*** SOURCE RECORDS Section Begins ***
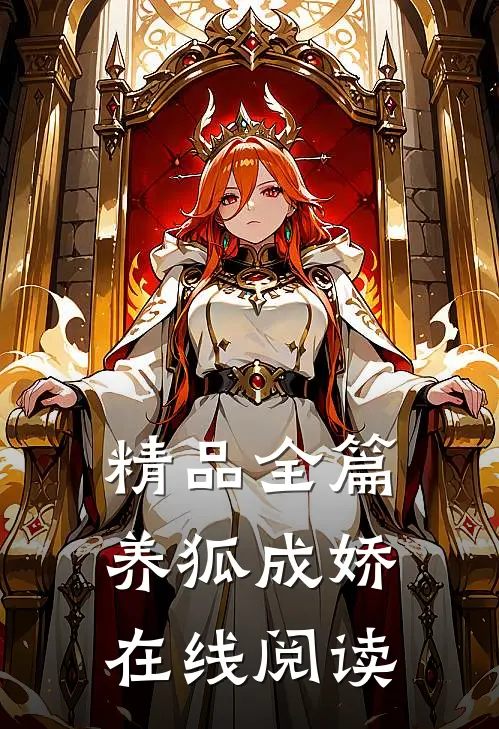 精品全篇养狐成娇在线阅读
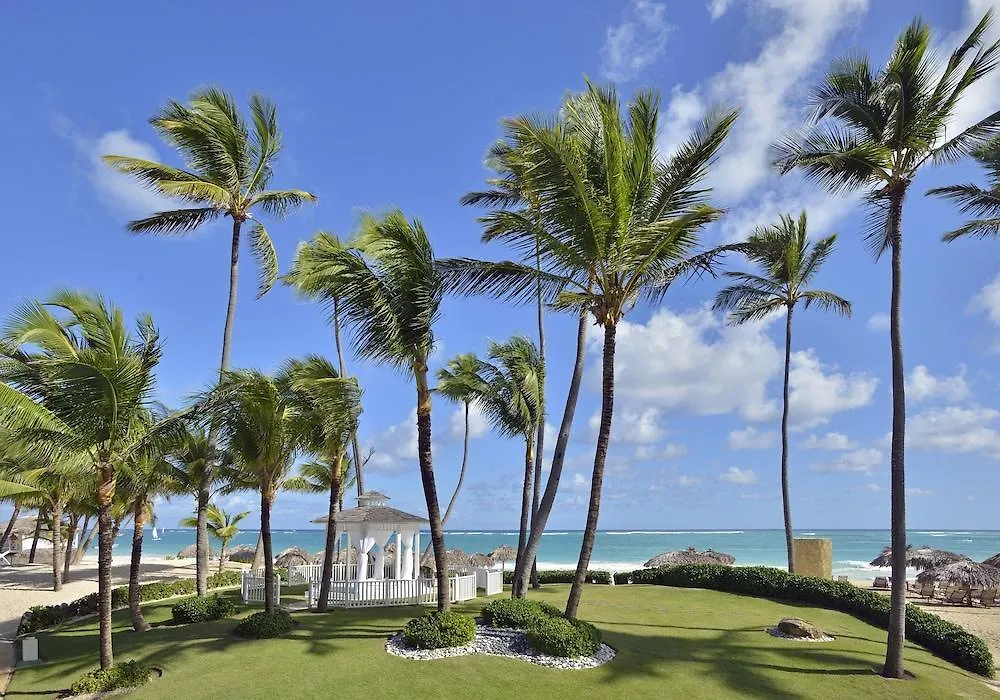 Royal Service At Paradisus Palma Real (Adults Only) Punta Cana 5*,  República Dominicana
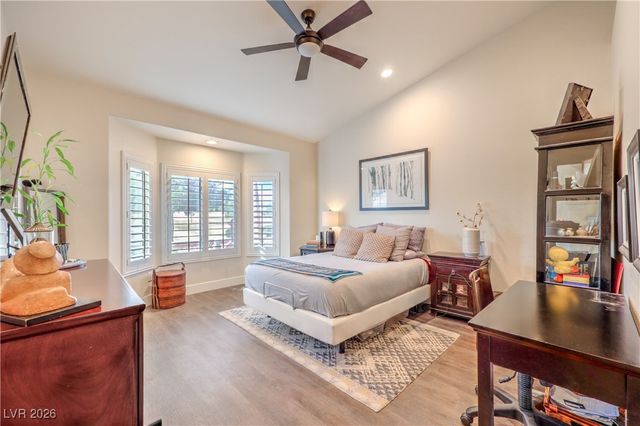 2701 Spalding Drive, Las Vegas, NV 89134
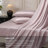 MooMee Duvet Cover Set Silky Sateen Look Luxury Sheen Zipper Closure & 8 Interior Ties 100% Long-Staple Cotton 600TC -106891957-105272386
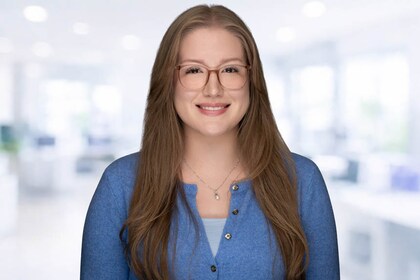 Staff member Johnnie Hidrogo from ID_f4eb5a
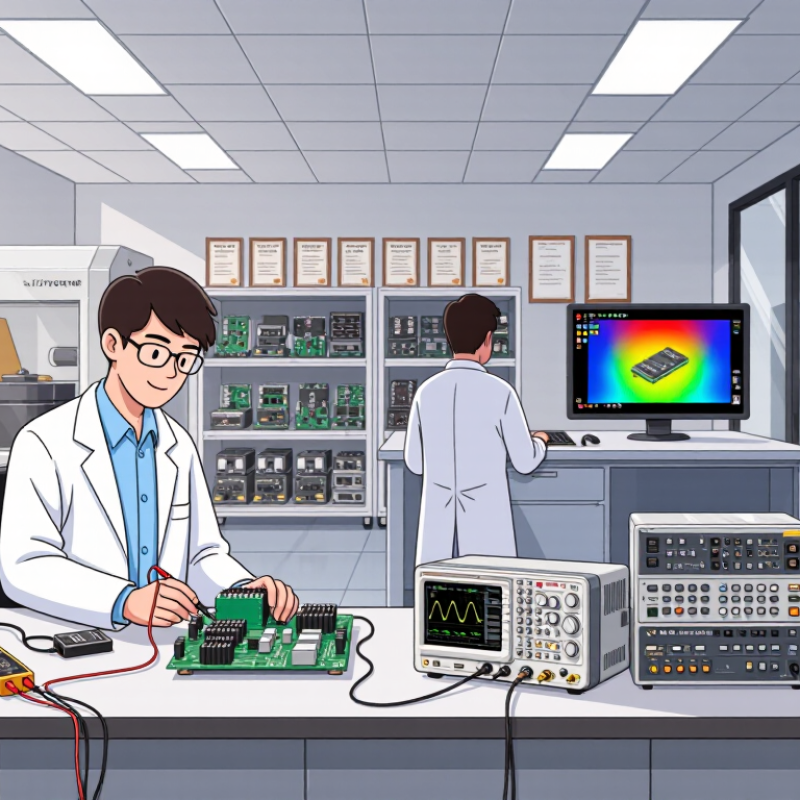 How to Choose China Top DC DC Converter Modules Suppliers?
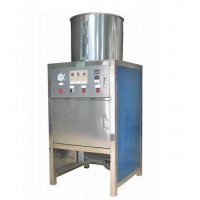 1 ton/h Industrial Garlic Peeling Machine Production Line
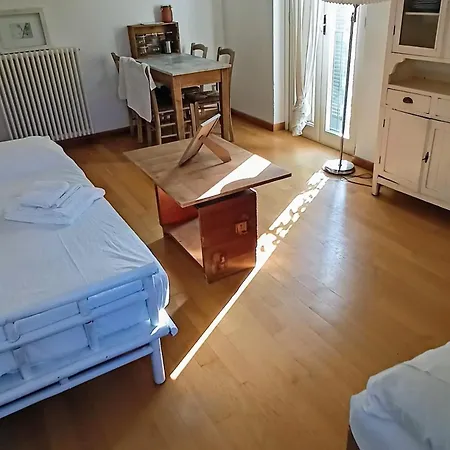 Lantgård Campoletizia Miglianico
*** SOURCE RECORDS Section Ends ***
*** SOURCE RECORDS Section Begins ***
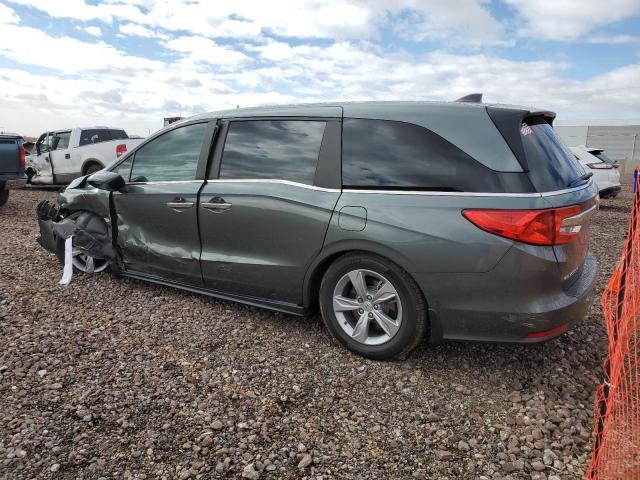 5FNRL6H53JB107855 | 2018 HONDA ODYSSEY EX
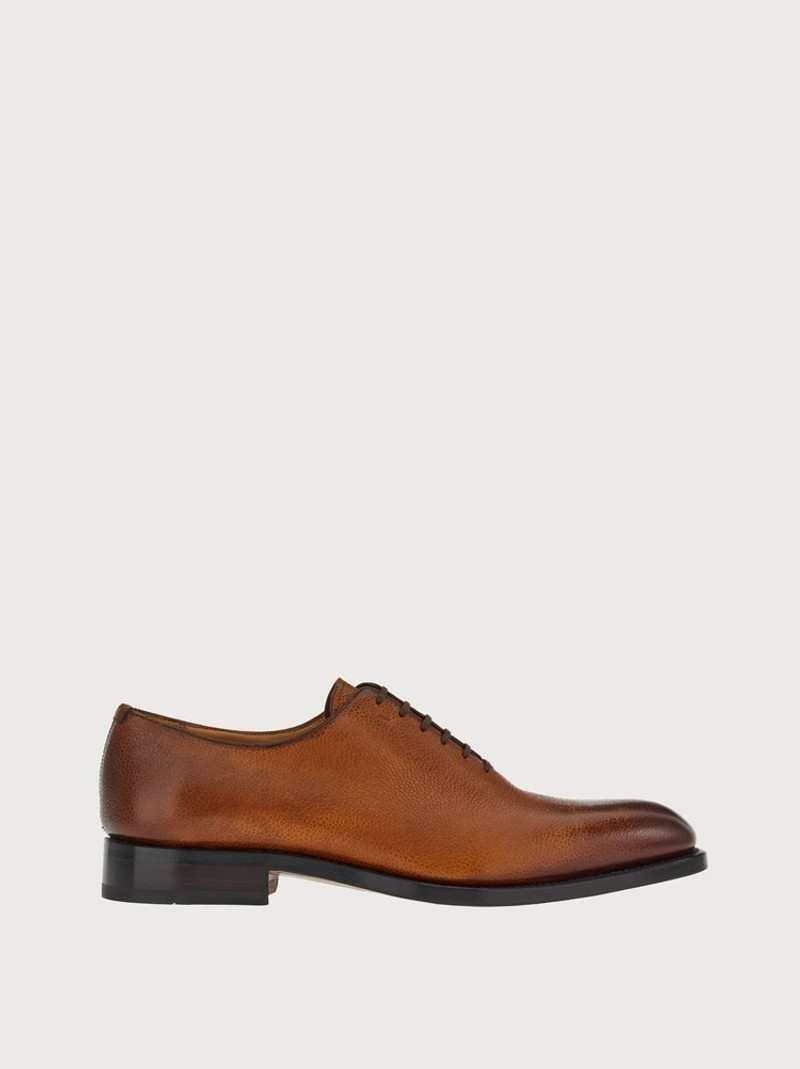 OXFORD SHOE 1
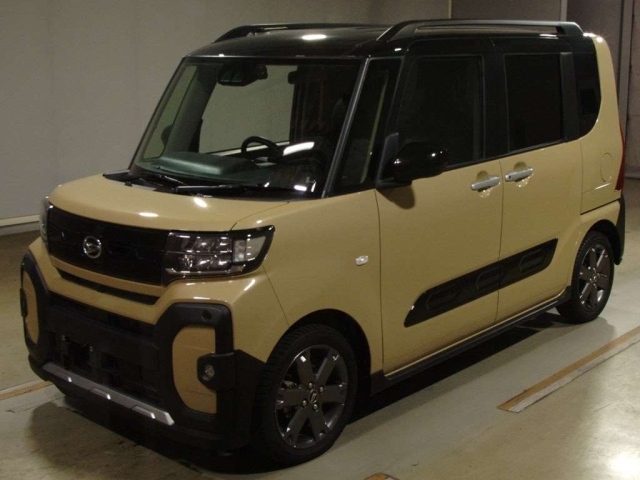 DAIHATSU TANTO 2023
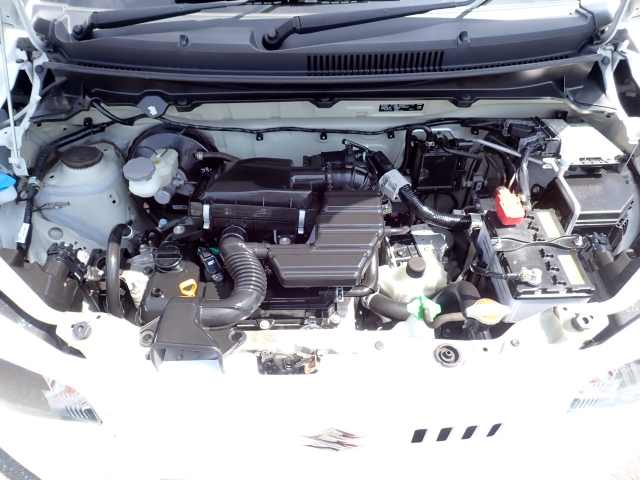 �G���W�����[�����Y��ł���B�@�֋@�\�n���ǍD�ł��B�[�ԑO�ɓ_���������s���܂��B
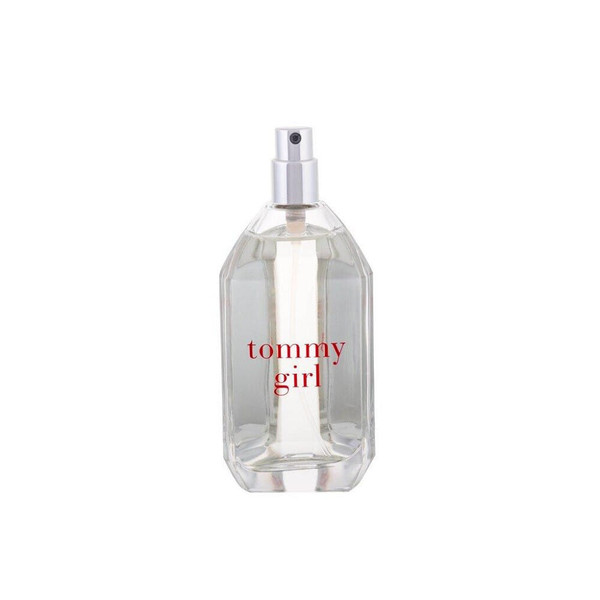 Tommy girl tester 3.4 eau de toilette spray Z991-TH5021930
*** SOURCE RECORDS Section Ends ***
*** SOURCE RECORDS Section Begins ***
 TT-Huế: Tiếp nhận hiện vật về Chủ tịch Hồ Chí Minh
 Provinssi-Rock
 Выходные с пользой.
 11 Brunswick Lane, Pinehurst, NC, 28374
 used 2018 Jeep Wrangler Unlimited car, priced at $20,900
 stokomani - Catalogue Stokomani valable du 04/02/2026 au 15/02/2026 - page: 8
*** SOURCE RECORDS Section Ends ***
### TASK
Print an exact copy of the lines above, from the one containing "精品全篇养狐成娇在线阅读" through the one containing "Lantgård Campoletizia Miglianico", and leave out the pictures.

### WRITTEN RESPONSE
 精品全篇养狐成娇在线阅读
 Royal Service At Paradisus Palma Real (Adults Only) Punta Cana 5*,  República Dominicana
 2701 Spalding Drive, Las Vegas, NV 89134
 MooMee Duvet Cover Set Silky Sateen Look Luxury Sheen Zipper Closure & 8 Interior Ties 100% Long-Staple Cotton 600TC -106891957-105272386
 Staff member Johnnie Hidrogo from ID_f4eb5a
 How to Choose China Top DC DC Converter Modules Suppliers?
 1 ton/h Industrial Garlic Peeling Machine Production Line
 Lantgård Campoletizia Miglianico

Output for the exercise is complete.